Dear Laozhang, Helen, and any others who may be interested in the subjects she and Helen raised in their replies and in some of the other topics here.
Laozhang, my name is Mary. It is a woman's name. Mark is a name for a male. Sometimes people here also address me as Marky. That also would be a male name.
My code name on articles is Maryk. That is because my brother David who founded this forum gave me that name himself when he invited me here. However, my first name by which I am called by my husband and my friends is Mary.
Your long reply is very easy to understand. You have errors, of course, but they don't make your message hard to understand. Any foreign person, not Chinese, would understand your post.
Regarding English usage: word "kid" for a young child, and up to about the teen
years is slang. It is alright to use it occasionally, but not often. It soundscrude and lower class to use it often. Never use it in any slightly more formal
context. It's a bit of a tricky word to use and get away with sometimes.
You shared what you perceive are two differences between people of the East and
people of the West. In reply to you I would say that my perception of Chinese both here in my country and from what I read on the forum is that Chinese people
are diligent students and workers. Quite a lot of Chinese people are entrepreneurial. Dave36China, one of our forum members is very much so. They either begin their own businesses here, or make one they buy better. I have found them very intelligent and likeable.

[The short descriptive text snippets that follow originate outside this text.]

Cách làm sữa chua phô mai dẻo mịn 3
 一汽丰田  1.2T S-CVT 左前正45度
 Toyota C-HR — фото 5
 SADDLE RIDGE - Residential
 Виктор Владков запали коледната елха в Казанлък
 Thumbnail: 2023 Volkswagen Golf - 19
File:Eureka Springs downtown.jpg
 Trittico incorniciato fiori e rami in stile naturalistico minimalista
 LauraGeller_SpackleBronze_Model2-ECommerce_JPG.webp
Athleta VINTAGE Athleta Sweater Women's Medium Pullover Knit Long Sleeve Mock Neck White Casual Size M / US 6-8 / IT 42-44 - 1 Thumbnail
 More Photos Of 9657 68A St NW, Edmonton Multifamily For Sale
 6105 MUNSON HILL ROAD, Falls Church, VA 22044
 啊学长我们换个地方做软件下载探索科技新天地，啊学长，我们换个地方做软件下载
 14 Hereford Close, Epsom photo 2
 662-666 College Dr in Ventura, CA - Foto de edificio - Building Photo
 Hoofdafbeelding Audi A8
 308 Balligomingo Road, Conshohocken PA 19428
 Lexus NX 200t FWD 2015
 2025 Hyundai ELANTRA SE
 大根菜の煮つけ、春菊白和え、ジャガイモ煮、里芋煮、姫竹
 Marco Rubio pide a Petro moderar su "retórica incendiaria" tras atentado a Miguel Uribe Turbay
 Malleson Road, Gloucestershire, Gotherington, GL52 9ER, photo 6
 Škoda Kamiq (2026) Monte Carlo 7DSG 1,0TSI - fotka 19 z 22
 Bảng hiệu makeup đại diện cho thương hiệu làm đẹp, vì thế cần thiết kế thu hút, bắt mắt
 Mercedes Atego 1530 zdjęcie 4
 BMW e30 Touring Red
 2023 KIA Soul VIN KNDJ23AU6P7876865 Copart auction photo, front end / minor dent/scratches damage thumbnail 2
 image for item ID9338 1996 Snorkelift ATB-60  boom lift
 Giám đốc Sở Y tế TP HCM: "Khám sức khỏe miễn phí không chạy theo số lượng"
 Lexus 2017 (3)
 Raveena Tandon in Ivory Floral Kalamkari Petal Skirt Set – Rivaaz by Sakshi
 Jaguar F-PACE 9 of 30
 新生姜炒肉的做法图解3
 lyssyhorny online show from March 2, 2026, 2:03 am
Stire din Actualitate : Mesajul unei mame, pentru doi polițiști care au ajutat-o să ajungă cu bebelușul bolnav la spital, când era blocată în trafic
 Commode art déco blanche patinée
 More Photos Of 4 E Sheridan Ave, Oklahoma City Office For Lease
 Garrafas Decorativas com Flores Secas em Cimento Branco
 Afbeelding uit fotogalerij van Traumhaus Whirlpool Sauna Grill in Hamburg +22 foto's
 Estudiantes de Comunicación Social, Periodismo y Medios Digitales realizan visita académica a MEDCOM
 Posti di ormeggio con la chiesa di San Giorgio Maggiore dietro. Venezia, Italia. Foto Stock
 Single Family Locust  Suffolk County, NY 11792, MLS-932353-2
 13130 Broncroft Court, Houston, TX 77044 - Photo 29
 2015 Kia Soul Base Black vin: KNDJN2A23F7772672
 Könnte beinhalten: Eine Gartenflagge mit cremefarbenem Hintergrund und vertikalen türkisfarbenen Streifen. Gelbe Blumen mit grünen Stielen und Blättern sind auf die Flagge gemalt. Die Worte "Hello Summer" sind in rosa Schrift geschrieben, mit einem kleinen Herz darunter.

Of course, such general conclusions about Chinese are not true of all. Just as the general observations you made about Westerners
in regards to business is not true of all. Maybe even not most.
As factory jobs and office jobs have disappeared here because they have gone overseas, (and many more are leaving here all the time,) individuals have had to adjust and swim, or they would sink. In my father's time, men used to go into a job and have it for their entire life. They could depend on it. Now, nobody can
depend on anything much. They have often had to turn to service industry jobs which don't pay very well. Their standard of living drops. That makes people suffer, and it also makes some become more resilient. It makes many people here afraid, too. You will find the same thing may happen in China some day if companies begin to pull out and go where they will be able to pay even cheaper wages.
It is a great pity, but I suppose there is some larger wisdom in it.
Eventually there probably won't be any place left where wages can be so very, very cheap. Eventually there may be legally upheld international standards regarding job safety, preservation of environment and guaranteed minimum living wages and standards around the world. Eventually there may a gold standard again, to which all currencies are pegged. Then there will be no more currency speculating and the world's economies will become much more stable. Eventually there will be many things. We live now.
The whole world is going through great readjustments during our years. There is
more and more to come, so try to learn how to land on your feet. Try not to have debts. If things suddenly go bad for you it is surprising how small an amount of money owed can cause great trouble. Ben and I learned that, and now we stay as debt-free as possible. I believe your old people know that, but many will
try to sell to the young ones on the basis of little down, and low interest. Be
very careful of this because trouble comes when world conditions cause interest
rates to have to raised again. Then many people lose homes, or cars. Sadly enough, that is the time to pick up bargains. I myself don't have the heart for it. I'd rather live another way, which is by being content with what we have and
not needing the latest things or to keep up with others, or to show off to them
.
Try "not to carry all your eggs in one basket." Try to have "more than one string to your bow." I hope you enjoy these very pertinent sayings. :-) I guess you know the first one means not to have all the places your money comes from be
only one. The second means, of course, to be able to do more than one thing, so
that if you lose that one thing you can change over to do another.
Back to a little English lesson for you both, Helen and Laozhang: please notice
that capital letters must be used wherever they belong throughout a whole post,
from beginning to end, and not be forgotten when you become tired near the end.
:-)
Probably you are right about Chinese people not thinking that a child can understand. That was the old way here once, too. This may be because of many troubles in the past century in China. Troubles that caused splits in families, and so
much difficulty that the old ways were still left in place. I think you will find that what children hear, even when they can't speak yet themselves, is important. The good they hear from babyhood onward will help their character. The gossip and back-biting they hear will make them unable to trust others and may also cause them to get these very bad habits themselves.
They are such bad habits because they are so hurtful and also because they dampend the joy in hearts, including in the heart of the one who does it. They cut trust between people. They are extremely disunifying. Other people, even those
who listen or take part often quietly think -- "if they can say that about him,
what do they say about me when I'm not around?" So be careful of the kind of diet of adult conversation your children are exposed to!
Well, I have replied to you two via a root post because I think others will also
be interested in these economic, social and child-raising topics. I hope I'm right. I was also glad to see that you understood that there was also a pretty good look at a Western family's ways and some other ways of the West through that
kind of post. I think it gives you valuable background understanding and it's
easier to convey the way I have done through my stories and examples than it is
just to try to describe the culture by itself.
Thank you both for replying and letting me know how my post was received by you.
It helped me very much to know that I'm not perceived as boasting. I really don't think boasting is part of my personality and I abhor it. I wouldn't want to be perceived that way. If I were I would need to change my style of writing here. So thank you very much for your response.